Si le tocaba alguien con muy mal genio o extremadamente egocéntrico, entonces, ya no era cuestión de completar la comisión; el simple hecho de viajar juntos podría ser un dolor de cabeza.
Gauss sabía que en la comunidad de aventureros había gente de todo tipo; su equipo era tan puro porque lo había formado con sumo cuidado.
En el último par de años, muchos aventureros solitarios se habían puesto en contacto con él para intentar unirse a su equipo.
Pero tras su «entrevista», todos fueron rechazados.
La gran mayoría tenía problemas de personalidad y, aunque intentaban ocultarlo, no podían escapar a la aguda intuición de Gauss.
Muchos lobos solitarios arrastran problemas importantes.
La falta de trabajo en equipo o la nula conciencia de cooperación a veces ni siquiera era el defecto principal; Gauss una vez conoció a un lobo solitario que lo hizo sentir incómodo con solo verlo.

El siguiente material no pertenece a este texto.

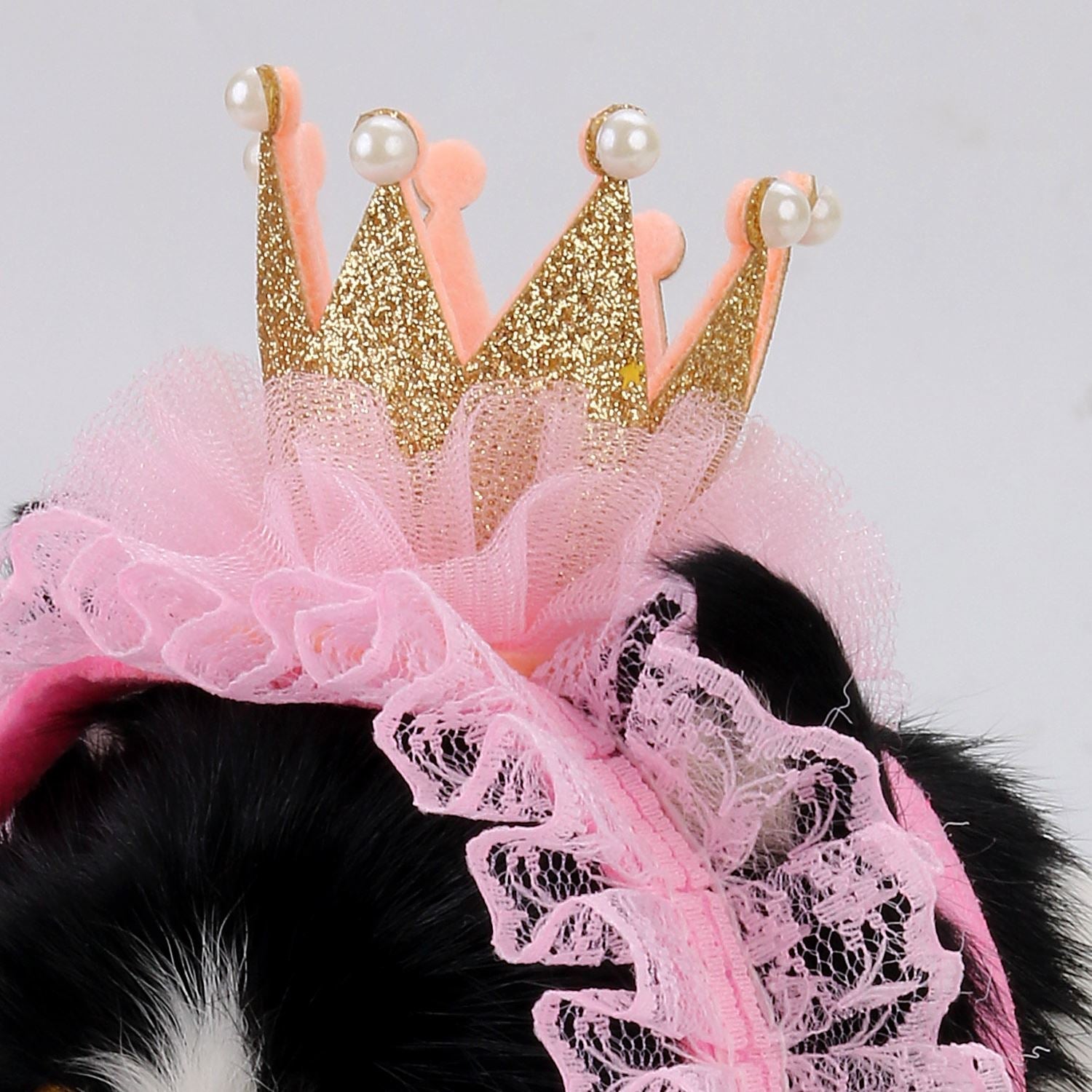Queen Hat for Cats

Después, tras una pequeña investigación —que no le costó mucho esfuerzo—, reunió información sobre esa persona.
Porque esa persona era un conocido «mata-equipos».
Cambiaba de equipo con frecuencia en cortos periodos de tiempo, y cada uno de sus equipos anteriores sufría algún tipo de aniquilación accidental, dejando solo a ese afortunado superviviente.

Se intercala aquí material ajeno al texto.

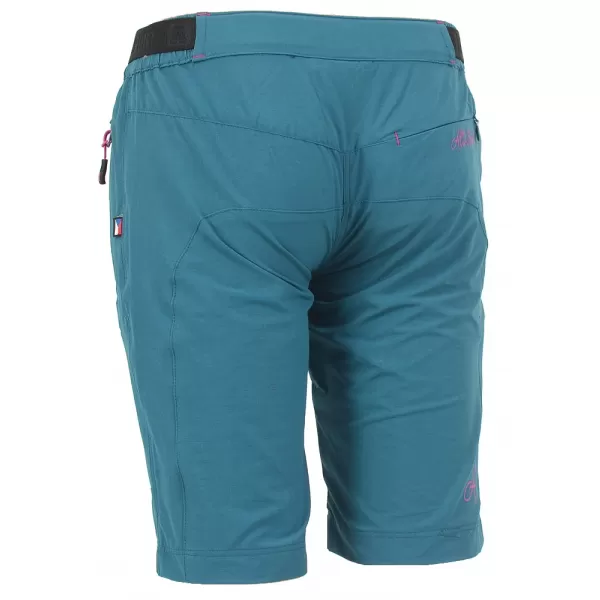  3/4-Hose für Mädchen ALTISPORT HAZERIA-J ALJS16012 BLAU ROSA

Un equipo bien informado evitaría a elementos tan peligrosos como a la peste.
Una o dos veces podría ser un accidente, pero que se repitiera tantas veces indicaba sin duda que había malicia de por medio.
Lo más probable es que fuera un personaje insidioso, como un chacal, que provocaba accidentes para aniquilar al equipo y luego quedarse con la herencia de sus compañeros.
Ese tipo de compañeros son más aterradores que los enemigos.
Incluso si intuyes que algo va mal, no puedes estar en guardia contra ellos constantemente.
Aunque era poco probable que el compañero temporal designado por el Gremio fuera una persona tan terrible, aun así, había que tener cuidado.
«Necesito sopesarlo mejor». Gauss frunció los labios.
«O tal vez, después de reunir al equipo, podría intentar conocer al compañero temporal de antemano para evaluarlo».